» **DATA SECTION**
==================================================
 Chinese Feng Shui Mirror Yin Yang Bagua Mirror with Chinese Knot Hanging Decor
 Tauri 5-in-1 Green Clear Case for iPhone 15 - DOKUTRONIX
==================================================
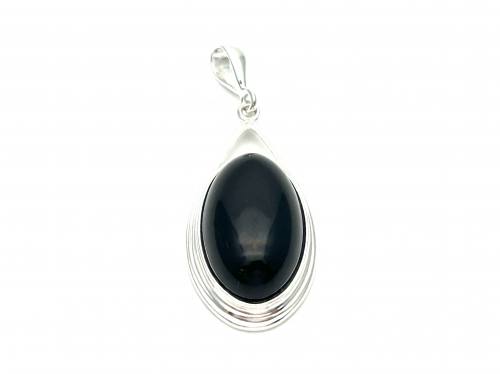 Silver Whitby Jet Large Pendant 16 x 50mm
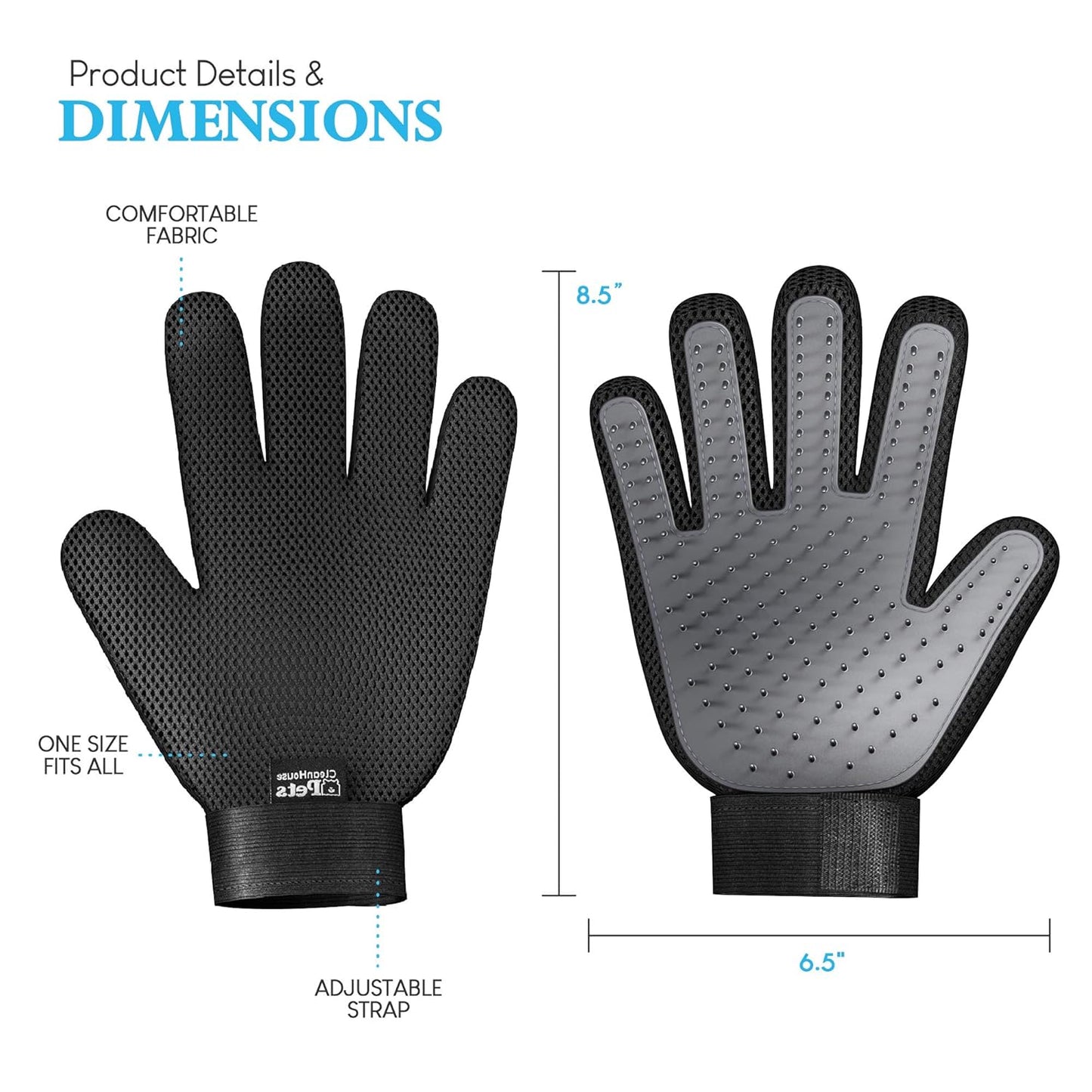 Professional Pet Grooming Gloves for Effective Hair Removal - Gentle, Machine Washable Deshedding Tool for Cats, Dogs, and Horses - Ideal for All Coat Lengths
==================================================
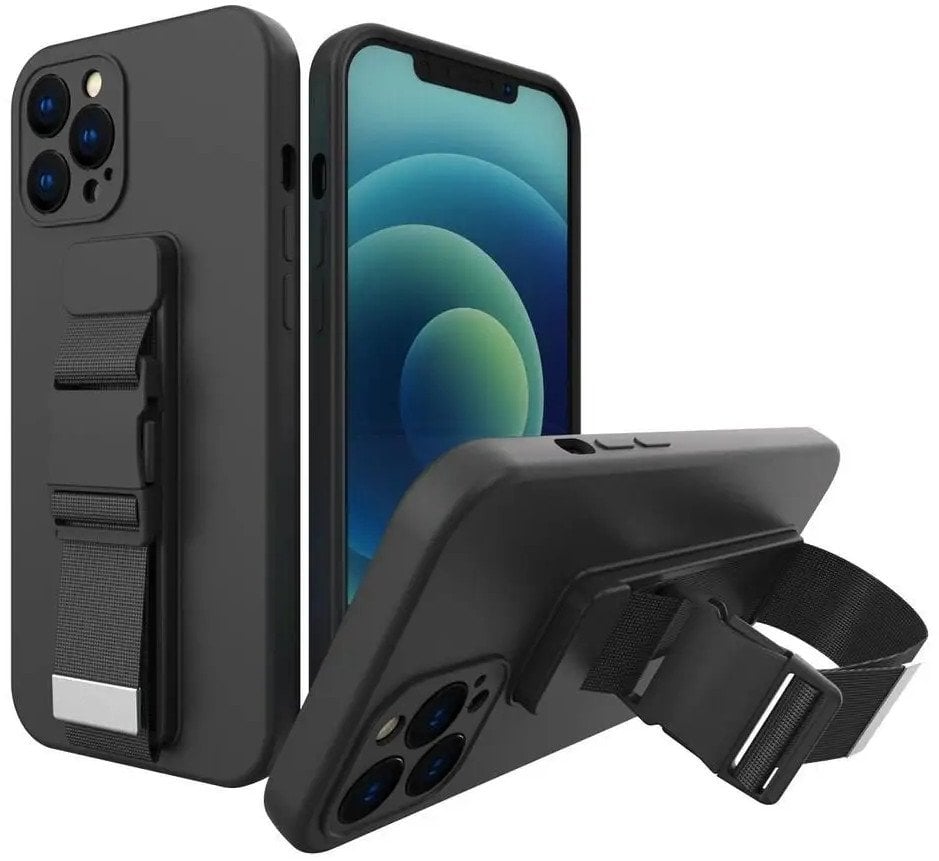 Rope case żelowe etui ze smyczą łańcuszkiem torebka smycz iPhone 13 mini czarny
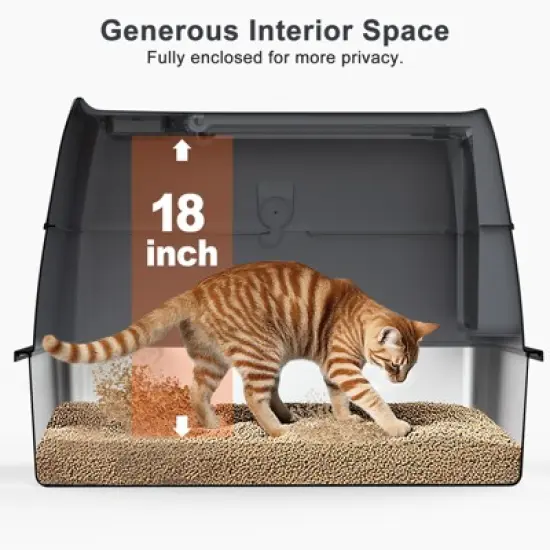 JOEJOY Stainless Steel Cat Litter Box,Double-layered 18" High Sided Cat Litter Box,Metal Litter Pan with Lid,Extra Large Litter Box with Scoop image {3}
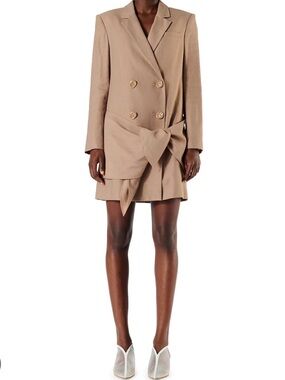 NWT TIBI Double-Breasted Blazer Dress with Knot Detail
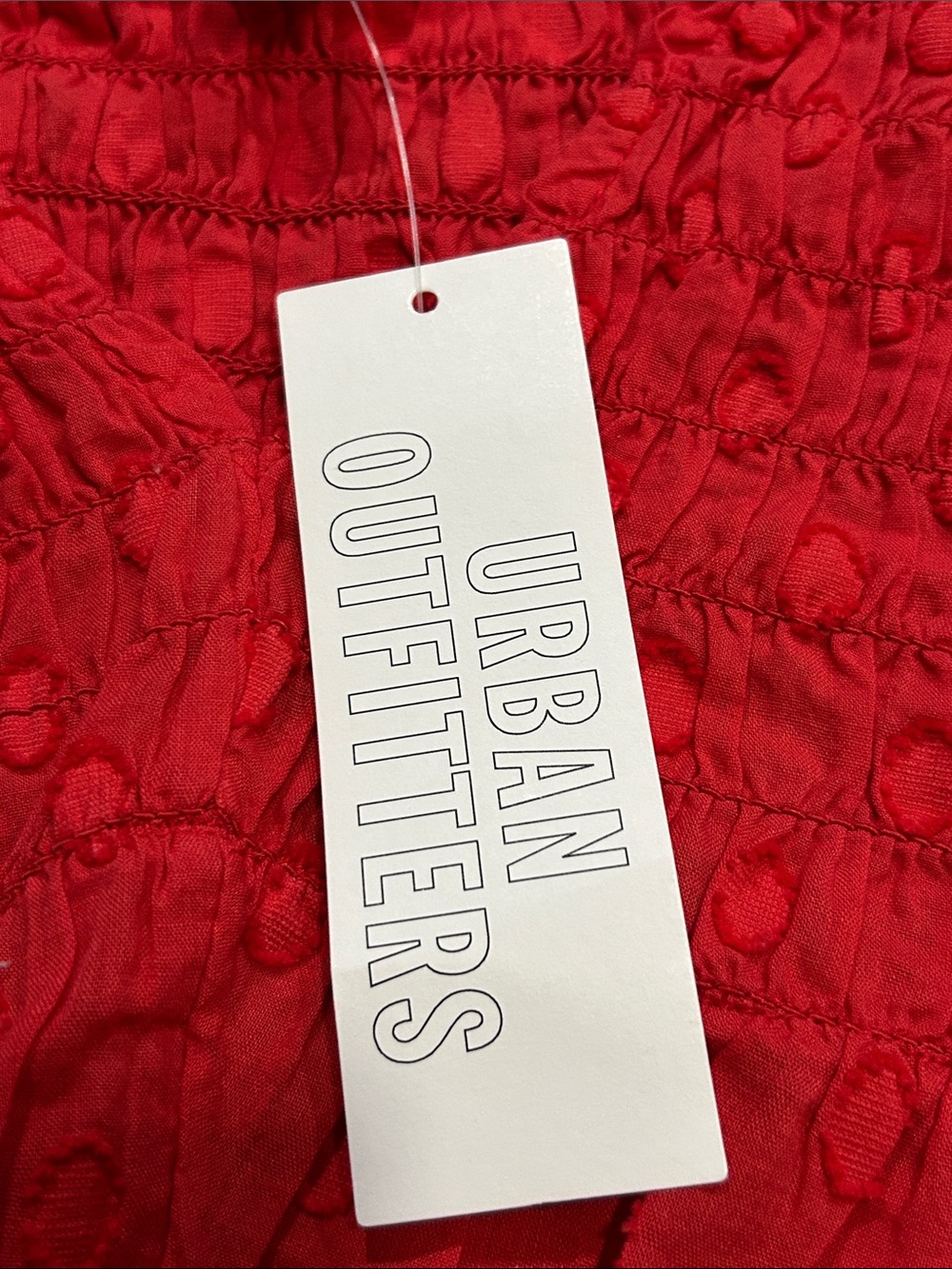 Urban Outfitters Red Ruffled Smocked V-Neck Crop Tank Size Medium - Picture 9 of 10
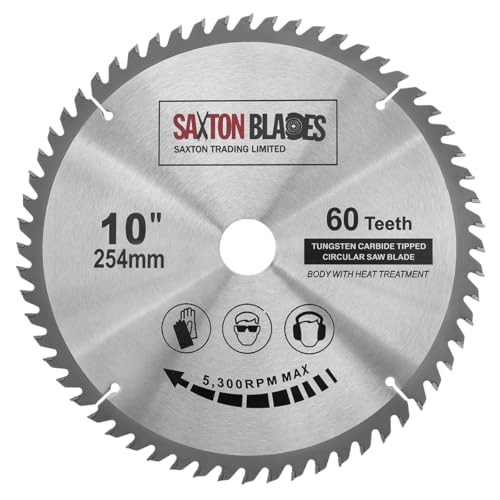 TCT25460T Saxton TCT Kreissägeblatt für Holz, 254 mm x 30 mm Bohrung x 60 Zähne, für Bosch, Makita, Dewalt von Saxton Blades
==================================================
» **WHAT TO PRODUCE**
Print exactly the lines above that run from the one with "Urban Outfitters Red" down to the one with "TCT25460T Saxton TCT", and omit the pictures.

» **RESPONSE**
 Urban Outfitters Red Ruffled Smocked V-Neck Crop Tank Size Medium - Picture 9 of 10
 TCT25460T Saxton TCT Kreissägeblatt für Holz, 254 mm x 30 mm Bohrung x 60 Zähne, für Bosch, Makita, Dewalt von Saxton Blades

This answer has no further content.